### What the task asks:
Below are records with pictures. Transcribe exactly, and only, the lines from the line with "במבט מאחור, אישה" to the line with "Glowing hot steel", both ends included, but not the pictures.

### Exercise data:
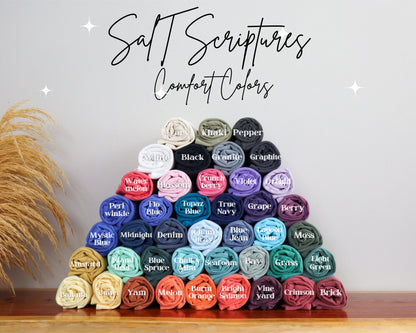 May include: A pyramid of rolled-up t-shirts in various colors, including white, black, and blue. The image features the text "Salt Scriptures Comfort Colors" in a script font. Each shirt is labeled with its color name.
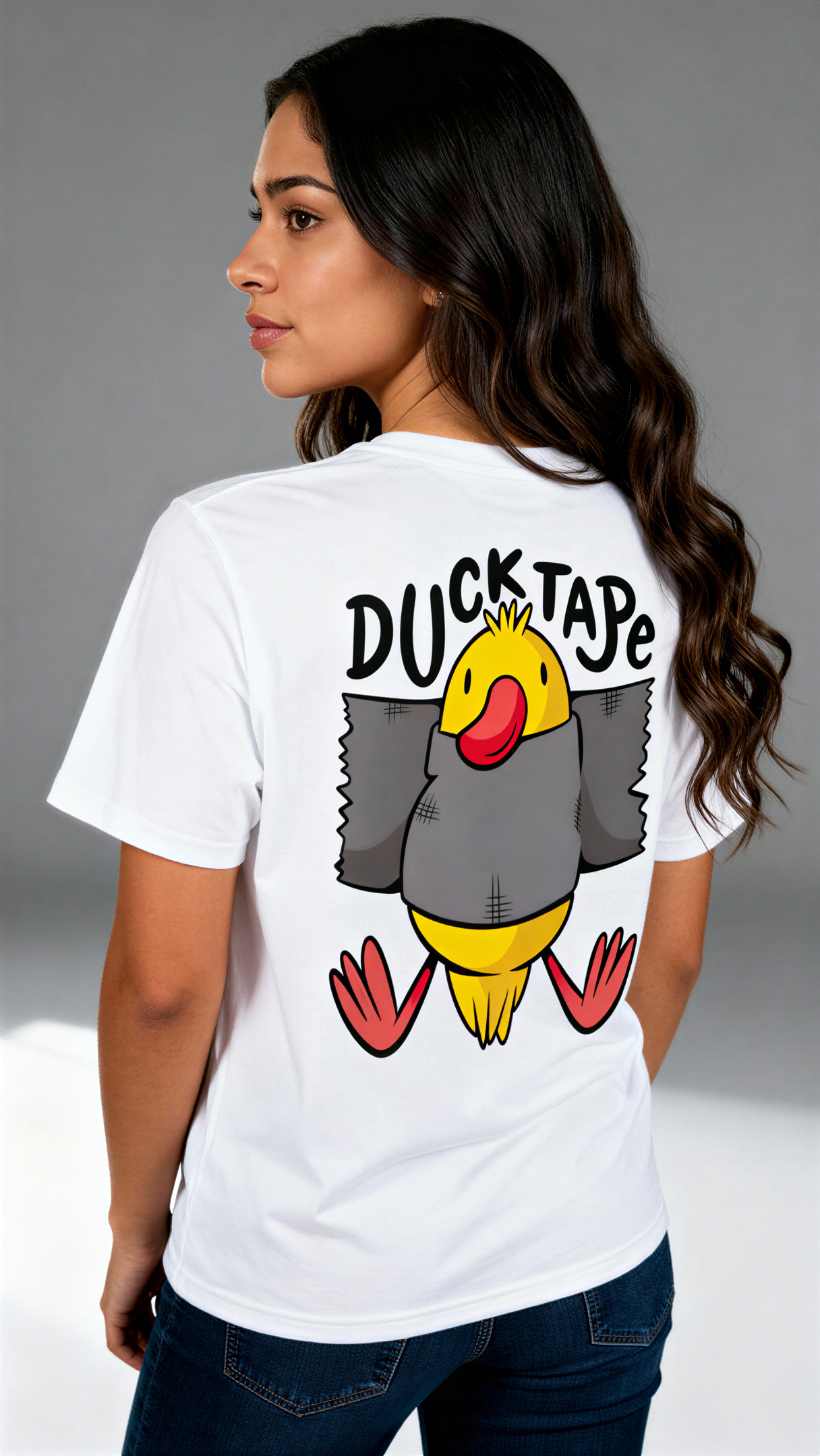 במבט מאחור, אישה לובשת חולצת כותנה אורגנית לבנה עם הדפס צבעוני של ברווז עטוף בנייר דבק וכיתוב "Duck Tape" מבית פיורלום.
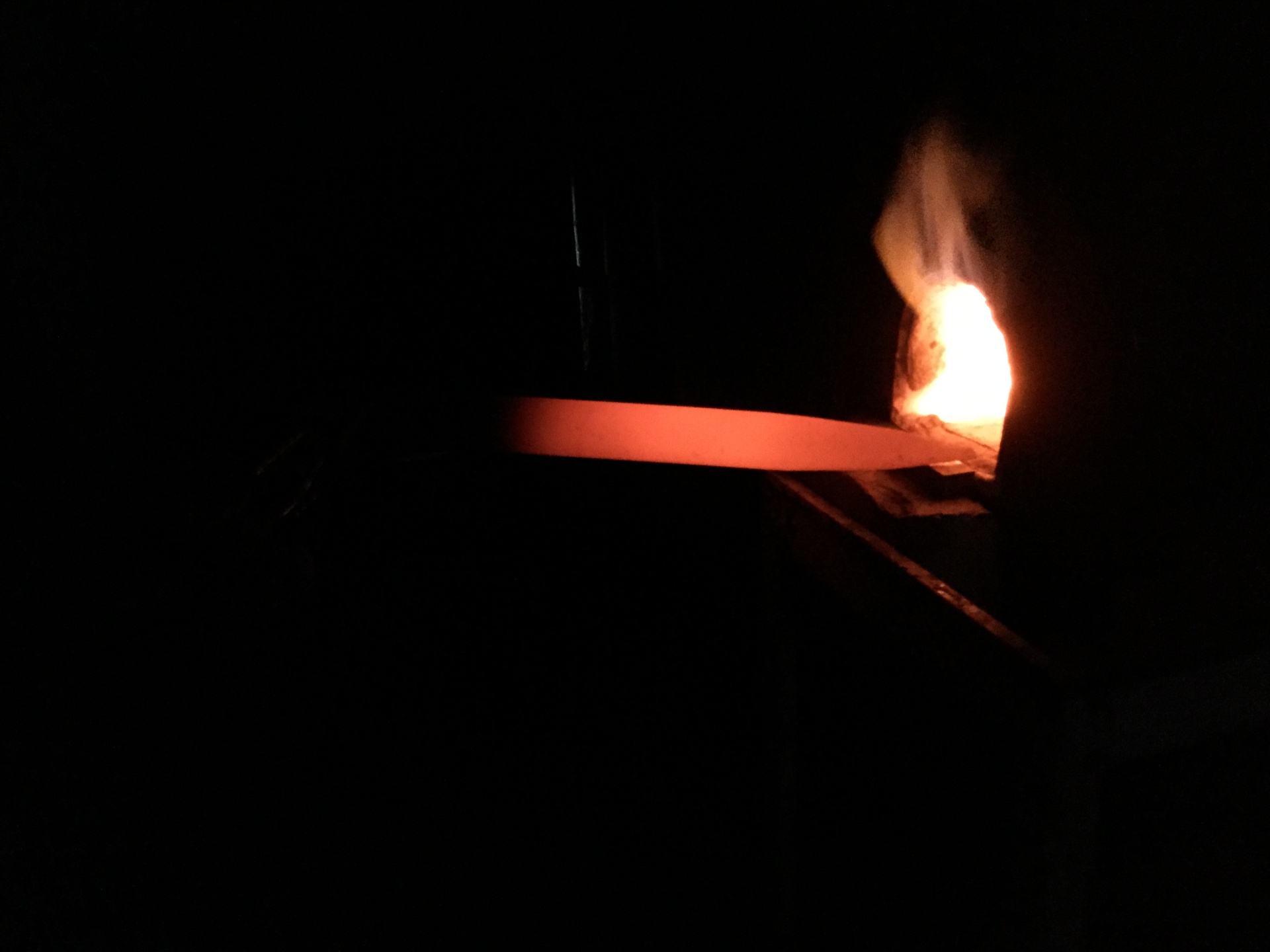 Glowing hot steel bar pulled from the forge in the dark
==
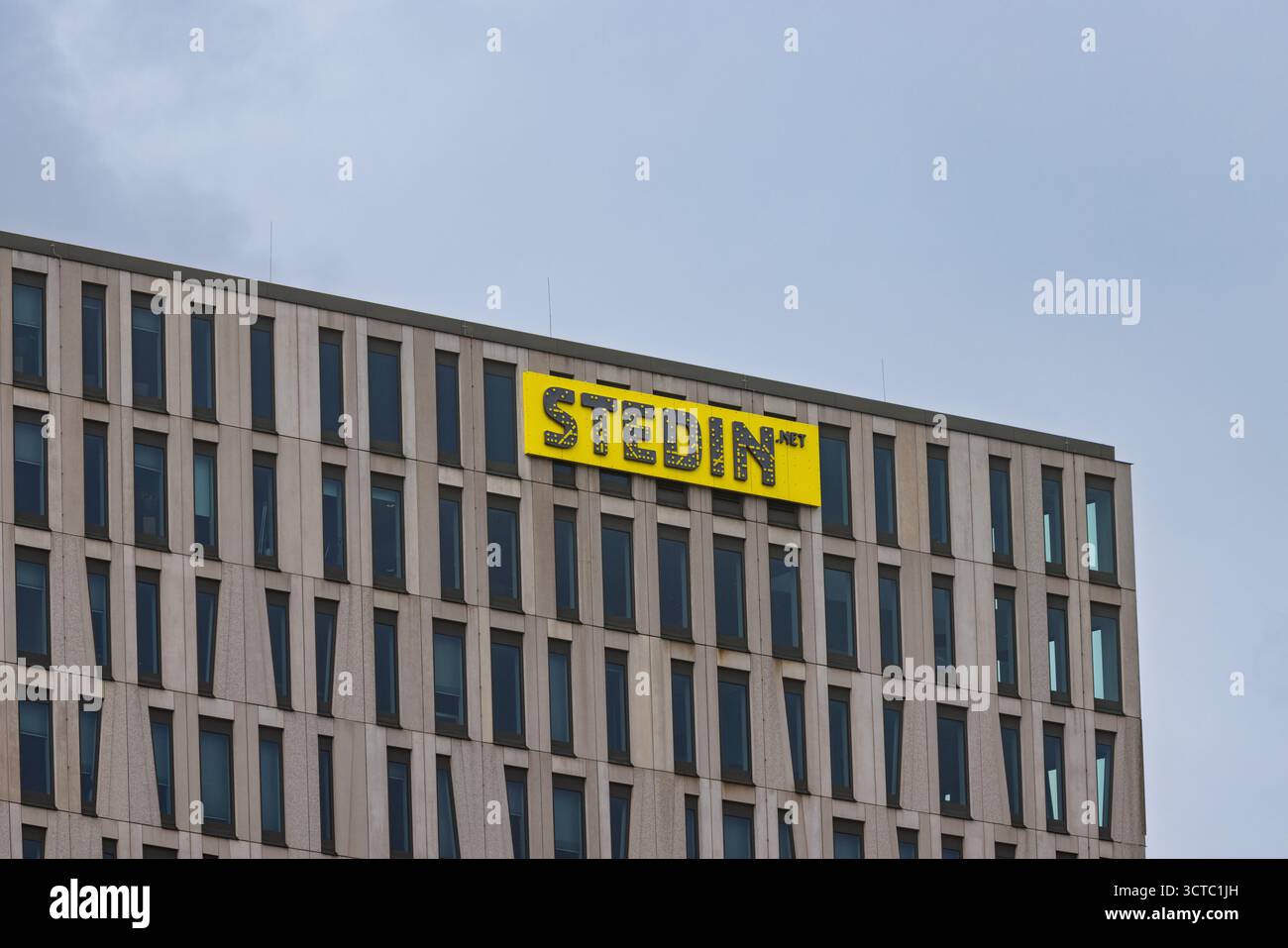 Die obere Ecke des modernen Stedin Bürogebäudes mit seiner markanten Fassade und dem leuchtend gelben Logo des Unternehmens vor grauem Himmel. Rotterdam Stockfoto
--
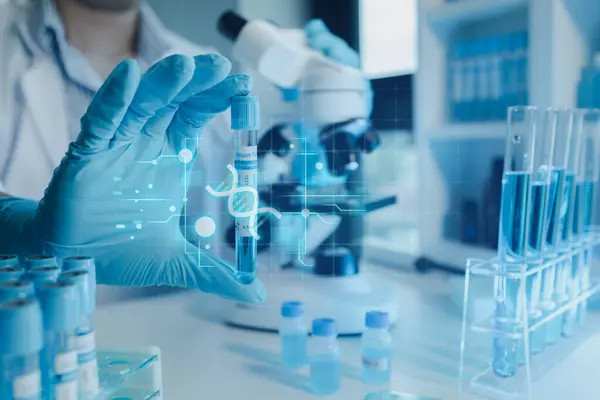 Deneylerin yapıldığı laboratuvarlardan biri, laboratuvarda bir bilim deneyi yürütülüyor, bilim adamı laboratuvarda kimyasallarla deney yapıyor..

### Solution for this task:
 במבט מאחור, אישה לובשת חולצת כותנה אורגנית לבנה עם הדפס צבעוני של ברווז עטוף בנייר דבק וכיתוב "Duck Tape" מבית פיורלום.
 Glowing hot steel bar pulled from the forge in the dark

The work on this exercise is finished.